Wood Expects Bitcoin To Be "Off Again"
Speaking on CNBC on Wednesday, Wood said ARK gains Bitcoin exposure primarily through its spot Bitcoin ETF, ARKB, rather than equity proxies such as Strategy (NASDAQ:MSTR).
She cited structural considerations and a preference for direct, "pure play" exposure to Bitcoin itself.
Addressing recent volatility, ARK attributed much of the weakness to an Oct. 10 flash crash linked to a software issue at Binance, which triggered widespread auto-deleveraging.
The event led to an estimated $28 billion in forced liquidations, creating residual market pressure.
The deleveraging cycle is largely complete and that Bitcoin is nearing the end of its current downturn.
While a retest of the $80,000–$90,000 range remains possible, the firm expects support to hold.
Wood said this cycle's decline should be the shallowest on record, positioning Bitcoin for renewed upside.
She described Bitcoin as "three revolutions in one": a rules-based global monetary system, a major technological innovation, and the leading asset of a new asset class.
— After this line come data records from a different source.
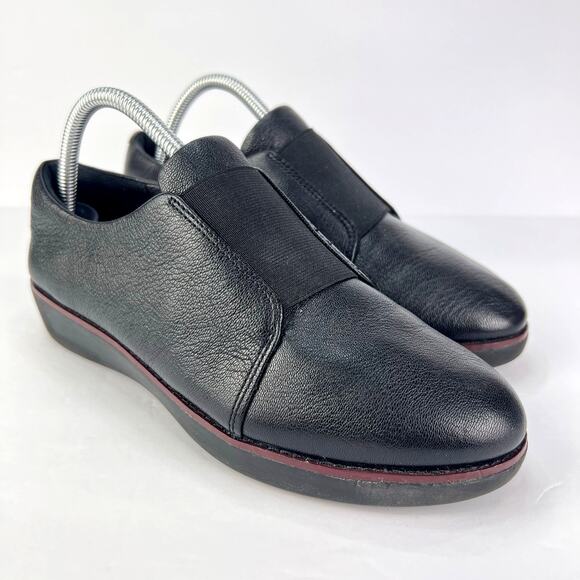 EUC FitFlop 8.5 Women's Laceless Loafers Slip on Leather Derby Walking Black - Picture 1 of 8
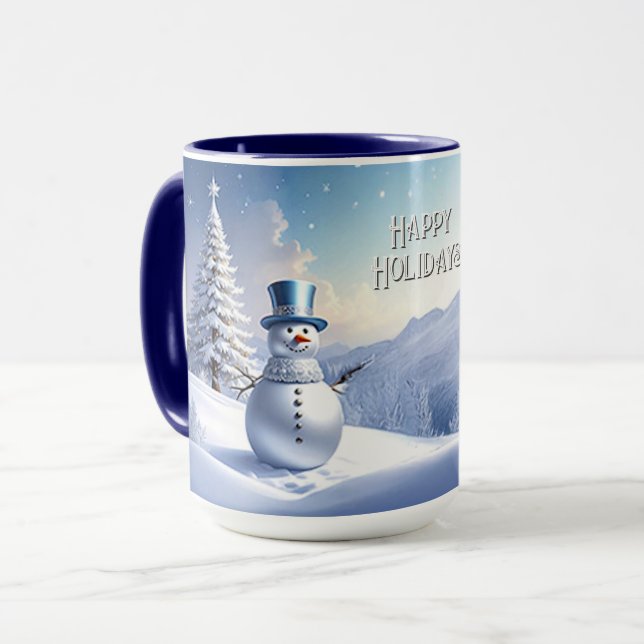 Taza Blue Hat Snowman Christmas Tree Holiday Mug (Anverso izquierdo)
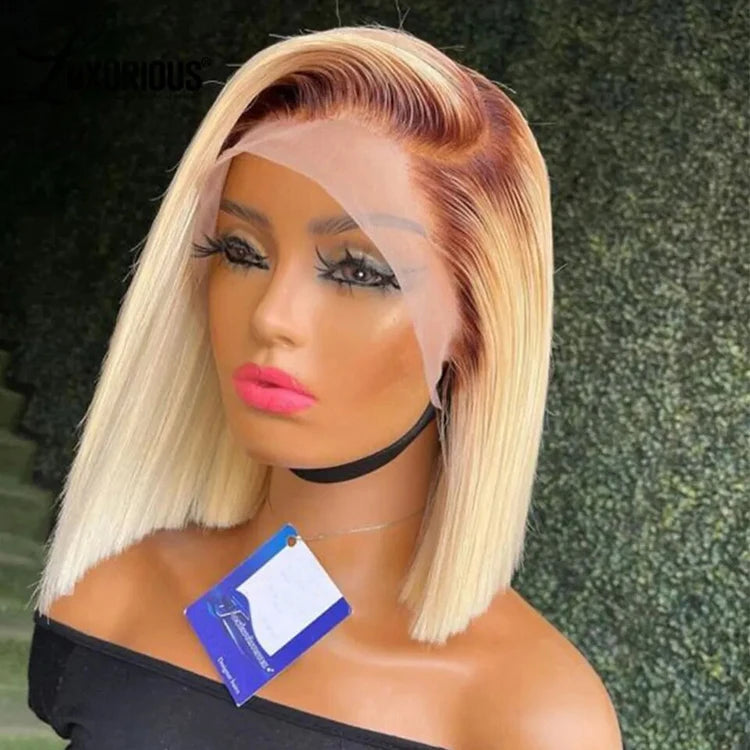 Cheap 13X4 Lace Frontal Blunt Cut Perruque Bob Naturel 100% Humain Weaves and Wigs Bob Raw Brazilian Bob Hair Wig for Woman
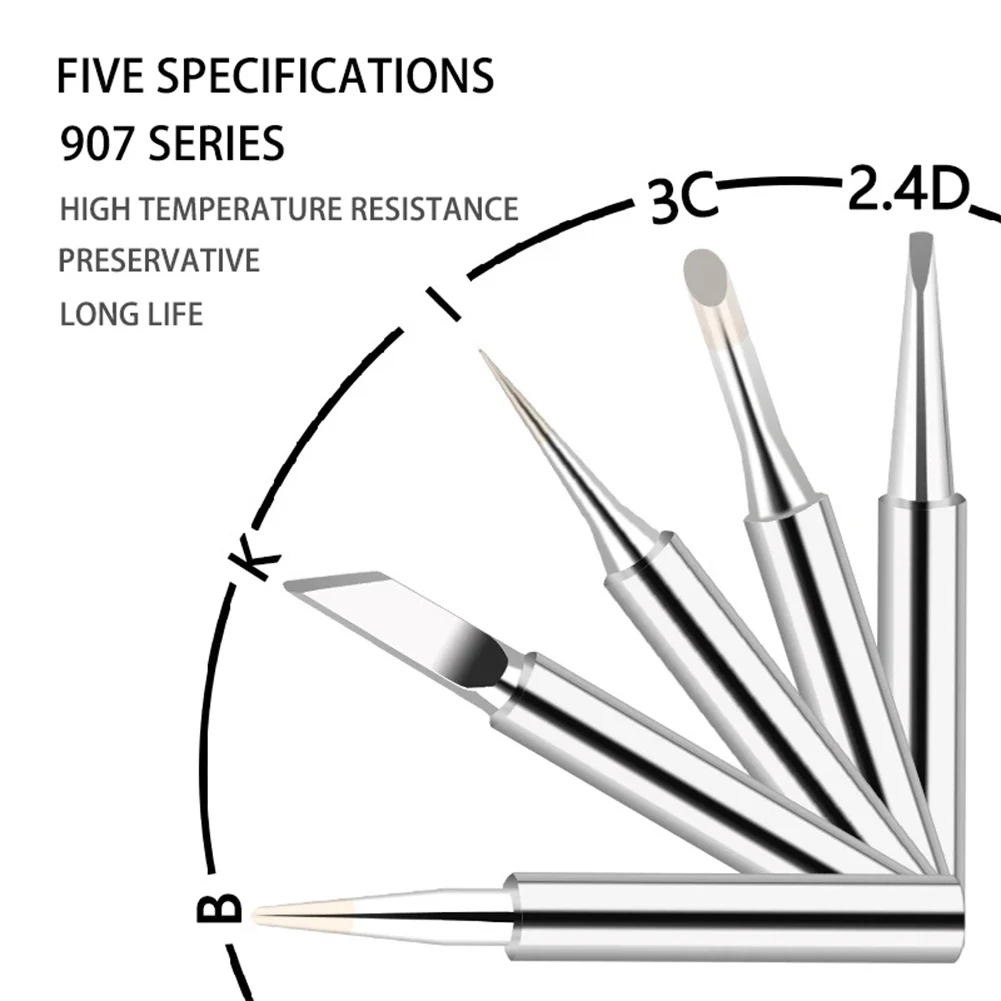 10pcs/set Durable Soldering Iron Tips I+B+K+2.4D+3C 900M-T Soldering Iron Pure Copper Lead-Free Equipment  Power Tools Parts stick welding stinger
Despite the "digital gold" label, ARK notes Bitcoin and gold show low correlation over a full market cycle.
Bitcoin As A Safe-Haven Asset
Responding to skepticism around Bitcoin's safe-haven role, ARK noted that Bitcoin has significantly outperformed gold since the 2022 equity bear market, behaving largely as a risk-on asset during the recovery.
With the launch of spot Bitcoin ETFs, Wood said institutional investors are still studying Bitcoin's behaviour and four-year cycle dynamics, which has slowed large-scale inflows.
Over time, ARK says Bitcoin can function as both a risk-on and risk-off asset — hedging inflation through its fixed supply and offering protection against deflation and financial stress due to its lack of counterparty risk and decentralized design.
ARK expects traditional asset management to evolve alongside decentralized finance and continues to favour direct exposure over leveraged or indirect Bitcoin vehicles.